An adventure in agile administration: Postinstall scripts are not configuration management

This post is a reaction to reviewing a puppet manifest at ${WORK} that installs a package and then has an exec resource run a script that modifies a configuration file for the package. Something in me just screams that this sort of approach is wrong, but I was looking for a way to explain why. Rather than just rant and rave at length which I am known to do on occasion, I wanted to give a succinct set of rules the team could follow. Fortunately, people aren't robots and so they usually want to understand the reasons behind those rules. This post is a means of me fleshing out those reasons.

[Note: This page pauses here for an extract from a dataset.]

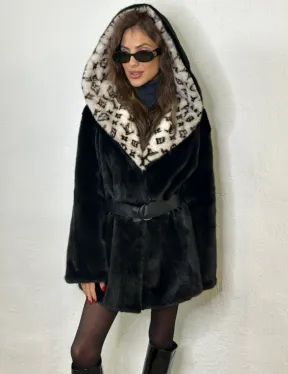 Черная норковая шуба, капюшон с принтом Louis Vuitton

It should be noted that the author of said manifest is a junior member of staff learning Puppet and so this is not a critique of their work by any means. I wanted to take the time to explain to them and provide guidance to the rest of the team about how various components should be handled.

First of all, let's start with what this person did right

They fully automated the installation of this agent using Puppet
They deployed the binaries and scripts using a package

Based on that alone, this person is already heading in the right way and is leagues ahead of a large percentage of system administrators. If I asked "How would you install X on Y systems?" in an interview and that was their answer, they would be hired based purely on their potential.Furthermore, given that the manual way to install X was to install the package and run the configuration script, it is understandable why the person who wrote the manifest would do it that way.

The issue is that using scripting to modify configuration files or settings has a number of problems with it

Once you "shell out" of Puppet to perform an action or create configuration, Puppet has no way of knowing what was done.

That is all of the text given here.